Segment Open
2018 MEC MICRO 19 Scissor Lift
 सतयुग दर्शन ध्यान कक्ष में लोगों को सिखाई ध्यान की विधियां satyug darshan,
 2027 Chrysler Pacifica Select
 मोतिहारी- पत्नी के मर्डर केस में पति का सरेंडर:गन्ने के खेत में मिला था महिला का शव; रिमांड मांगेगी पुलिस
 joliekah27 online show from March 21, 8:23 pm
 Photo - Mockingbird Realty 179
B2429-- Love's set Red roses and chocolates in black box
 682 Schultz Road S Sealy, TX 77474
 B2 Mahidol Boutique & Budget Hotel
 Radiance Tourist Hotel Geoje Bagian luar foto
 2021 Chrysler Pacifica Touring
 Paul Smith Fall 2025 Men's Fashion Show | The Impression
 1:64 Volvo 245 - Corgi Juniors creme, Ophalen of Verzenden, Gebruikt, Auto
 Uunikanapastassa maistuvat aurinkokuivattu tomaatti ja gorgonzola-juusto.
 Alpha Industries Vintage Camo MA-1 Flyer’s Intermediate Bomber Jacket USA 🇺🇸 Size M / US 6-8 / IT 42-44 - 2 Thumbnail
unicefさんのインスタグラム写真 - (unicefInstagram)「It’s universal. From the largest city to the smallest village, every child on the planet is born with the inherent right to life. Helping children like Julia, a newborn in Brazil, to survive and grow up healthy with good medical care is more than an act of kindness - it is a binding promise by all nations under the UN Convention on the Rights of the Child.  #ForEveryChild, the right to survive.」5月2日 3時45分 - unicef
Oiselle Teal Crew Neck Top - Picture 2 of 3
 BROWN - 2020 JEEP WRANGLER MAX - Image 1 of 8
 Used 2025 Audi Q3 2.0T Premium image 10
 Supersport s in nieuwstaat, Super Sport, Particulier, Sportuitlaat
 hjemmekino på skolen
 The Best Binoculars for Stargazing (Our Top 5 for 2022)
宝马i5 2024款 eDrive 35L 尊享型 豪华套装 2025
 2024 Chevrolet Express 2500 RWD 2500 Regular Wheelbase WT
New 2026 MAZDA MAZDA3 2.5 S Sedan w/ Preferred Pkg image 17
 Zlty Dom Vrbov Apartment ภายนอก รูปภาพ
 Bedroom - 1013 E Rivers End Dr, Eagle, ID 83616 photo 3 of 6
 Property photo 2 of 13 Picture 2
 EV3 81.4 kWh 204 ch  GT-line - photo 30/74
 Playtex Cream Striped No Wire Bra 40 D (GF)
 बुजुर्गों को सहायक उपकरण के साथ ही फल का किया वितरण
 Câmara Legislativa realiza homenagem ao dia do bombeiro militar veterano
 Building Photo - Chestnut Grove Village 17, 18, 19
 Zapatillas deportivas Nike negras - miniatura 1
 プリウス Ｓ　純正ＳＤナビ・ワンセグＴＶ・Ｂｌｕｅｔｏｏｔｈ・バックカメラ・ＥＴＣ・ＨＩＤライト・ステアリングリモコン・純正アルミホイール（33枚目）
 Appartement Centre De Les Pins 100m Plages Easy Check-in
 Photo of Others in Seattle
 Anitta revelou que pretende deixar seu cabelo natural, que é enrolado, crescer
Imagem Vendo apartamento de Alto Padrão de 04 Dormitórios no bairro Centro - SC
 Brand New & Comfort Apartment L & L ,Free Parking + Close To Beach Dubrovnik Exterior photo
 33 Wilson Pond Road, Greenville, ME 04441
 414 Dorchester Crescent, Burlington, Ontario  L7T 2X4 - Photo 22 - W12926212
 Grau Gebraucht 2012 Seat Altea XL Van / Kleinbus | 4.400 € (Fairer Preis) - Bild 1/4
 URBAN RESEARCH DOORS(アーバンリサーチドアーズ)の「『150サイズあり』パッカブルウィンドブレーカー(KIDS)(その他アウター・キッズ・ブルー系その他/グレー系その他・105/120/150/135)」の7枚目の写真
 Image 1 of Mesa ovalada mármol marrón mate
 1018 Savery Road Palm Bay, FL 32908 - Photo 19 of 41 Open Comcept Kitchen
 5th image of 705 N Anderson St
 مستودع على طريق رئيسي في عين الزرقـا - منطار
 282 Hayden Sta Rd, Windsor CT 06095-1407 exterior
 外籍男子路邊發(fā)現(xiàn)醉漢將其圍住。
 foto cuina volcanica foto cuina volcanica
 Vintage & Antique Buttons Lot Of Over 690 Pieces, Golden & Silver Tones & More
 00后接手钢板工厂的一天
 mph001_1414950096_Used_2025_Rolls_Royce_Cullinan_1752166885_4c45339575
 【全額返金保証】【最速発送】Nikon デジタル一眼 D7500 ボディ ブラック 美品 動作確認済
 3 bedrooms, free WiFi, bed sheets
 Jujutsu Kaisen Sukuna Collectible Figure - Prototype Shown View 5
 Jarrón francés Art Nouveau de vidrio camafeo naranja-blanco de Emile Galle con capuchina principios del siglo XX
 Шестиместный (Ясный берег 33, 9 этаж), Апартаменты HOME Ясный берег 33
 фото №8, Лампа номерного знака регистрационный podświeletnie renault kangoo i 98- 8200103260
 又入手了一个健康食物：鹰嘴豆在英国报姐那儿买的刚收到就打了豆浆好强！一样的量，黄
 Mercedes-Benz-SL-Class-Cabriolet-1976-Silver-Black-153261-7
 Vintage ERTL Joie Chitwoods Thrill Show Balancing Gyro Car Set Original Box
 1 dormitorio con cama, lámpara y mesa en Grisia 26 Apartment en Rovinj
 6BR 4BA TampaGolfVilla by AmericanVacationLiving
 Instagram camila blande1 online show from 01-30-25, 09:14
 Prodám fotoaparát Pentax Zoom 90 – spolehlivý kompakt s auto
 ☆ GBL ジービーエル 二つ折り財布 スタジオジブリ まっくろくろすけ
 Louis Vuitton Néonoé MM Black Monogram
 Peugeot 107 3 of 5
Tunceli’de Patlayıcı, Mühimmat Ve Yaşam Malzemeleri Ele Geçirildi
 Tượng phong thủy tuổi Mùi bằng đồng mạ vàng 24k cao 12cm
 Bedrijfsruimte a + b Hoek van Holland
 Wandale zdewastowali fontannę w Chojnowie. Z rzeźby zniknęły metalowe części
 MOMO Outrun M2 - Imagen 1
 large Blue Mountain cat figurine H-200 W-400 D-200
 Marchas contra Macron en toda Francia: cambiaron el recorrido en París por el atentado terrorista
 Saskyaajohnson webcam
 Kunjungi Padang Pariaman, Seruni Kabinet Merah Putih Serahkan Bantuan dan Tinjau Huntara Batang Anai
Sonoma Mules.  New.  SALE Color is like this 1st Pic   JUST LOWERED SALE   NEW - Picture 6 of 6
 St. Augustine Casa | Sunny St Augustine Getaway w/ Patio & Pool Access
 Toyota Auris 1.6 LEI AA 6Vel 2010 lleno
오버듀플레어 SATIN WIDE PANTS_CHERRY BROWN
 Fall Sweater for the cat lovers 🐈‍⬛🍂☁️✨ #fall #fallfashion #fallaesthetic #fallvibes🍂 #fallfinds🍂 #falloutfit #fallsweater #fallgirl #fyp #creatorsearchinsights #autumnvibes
Segment Closed
**PROBLEM**. For this exercise, repeat exactly the lines of the data above from the one with "बुजुर्गों को सहायक" down to the one with "Photo of Others in Seattle", both end lines included.

**SOLUTION TO THE EXERCISE**.
 बुजुर्गों को सहायक उपकरण के साथ ही फल का किया वितरण
 Câmara Legislativa realiza homenagem ao dia do bombeiro militar veterano
 Building Photo - Chestnut Grove Village 17, 18, 19
 Zapatillas deportivas Nike negras - miniatura 1
 プリウス Ｓ　純正ＳＤナビ・ワンセグＴＶ・Ｂｌｕｅｔｏｏｔｈ・バックカメラ・ＥＴＣ・ＨＩＤライト・ステアリングリモコン・純正アルミホイール（33枚目）
 Appartement Centre De Les Pins 100m Plages Easy Check-in
 Photo of Others in Seattle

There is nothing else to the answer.